‘Boss-napping’ victim sets up as negotiator
Gilles Verrier has also become an expert on how to avoid “boss-napping”, a practice seemingly running rampant in France amid the economic meltdown.
Employees blockade managers in their offices, sometimes for days at a stretch, to try to wring concessions out of firms going through restructuring and to draw attention to their plight.
The 47-year-old Verrier brings more to the table than just a long career in human resources — he’s been boss-napped himself.
“I was alone in the room, with employees guarding the door,” he said. It was 1997 and as human resources director for Lipton’s France operation, he had gone to talk with workers in the depressed industrial port city of Le Havre about a planned closure of their tea bag plant, which employed 150 people.
At the end of a tense and heated meeting, “a group of employees came and said I wouldn’t be leaving the site until Unilever (Lipton’s parent company) reversed its decision,” he said.
With the French economy shrinking at the fastest pace in 30 years, companies are slashing jobs, closing factories and moving production to lower-wage sites abroad.

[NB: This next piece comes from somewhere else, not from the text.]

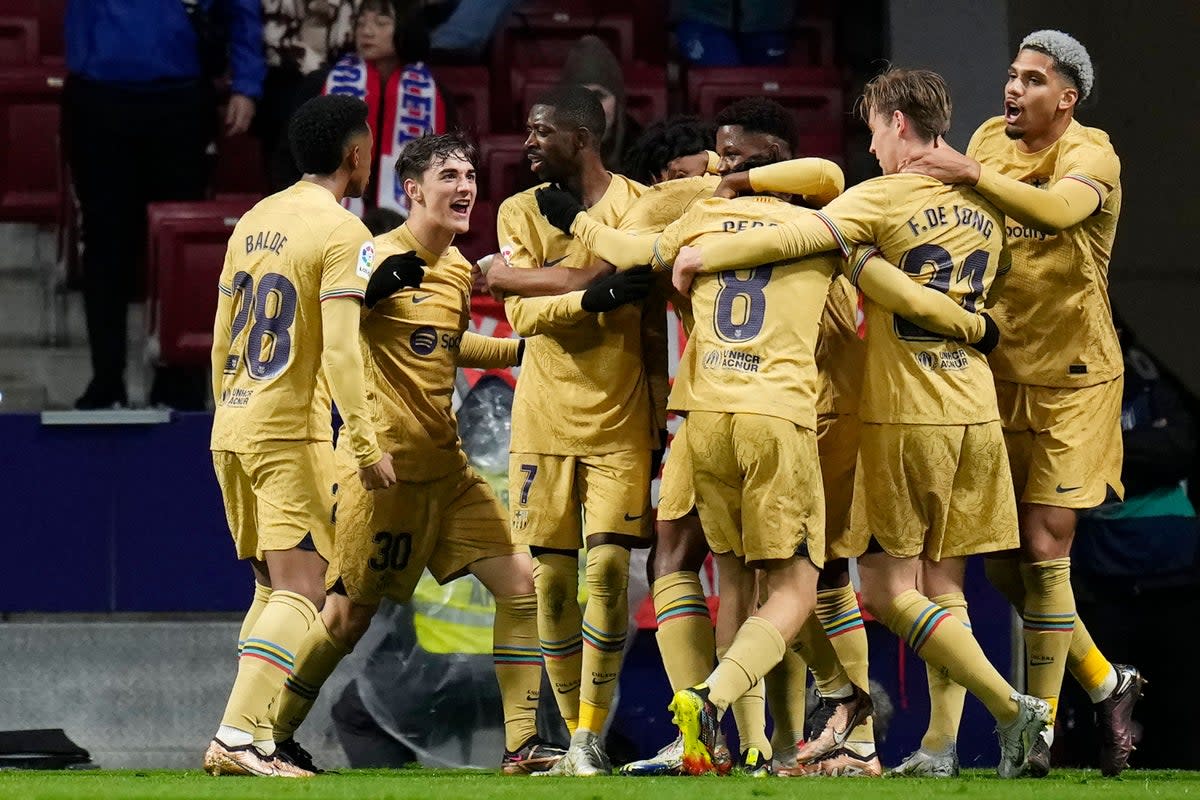 Barcelona’s Ousmane Dembele (third from left) celebrates with teammates after scoring the against Atletico Madrid (Manu Fernandez/AP). (AP)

Sometimes, workers experience these cutbacks “as a form of violence, and they return violence with violence”, said Sylvain Niel, an employment law specialist at French law firm Fidal.
Seizing bosses is not a new tactic, with examples of boss-napping dating back decades in a country famous for its strikes and known as a place where workers aren’t afraid to put up a fight.
But the phenomenon has jumped to the front pages of French newspapers in recent weeks as the Europe-wide recession has sparked a fresh wave of boss-napping episodes.
Mr Niel is giving his clients a list of “10 anti-boss-napping tips”, which include gauging your staff’s mutinous instincts beforehand and choosing a neutral observer to calm things down if and when a boss-napping does break out. He also advises clients to go ahead and sign anything his captors demand, because a judge will annul agreements made while being held captive.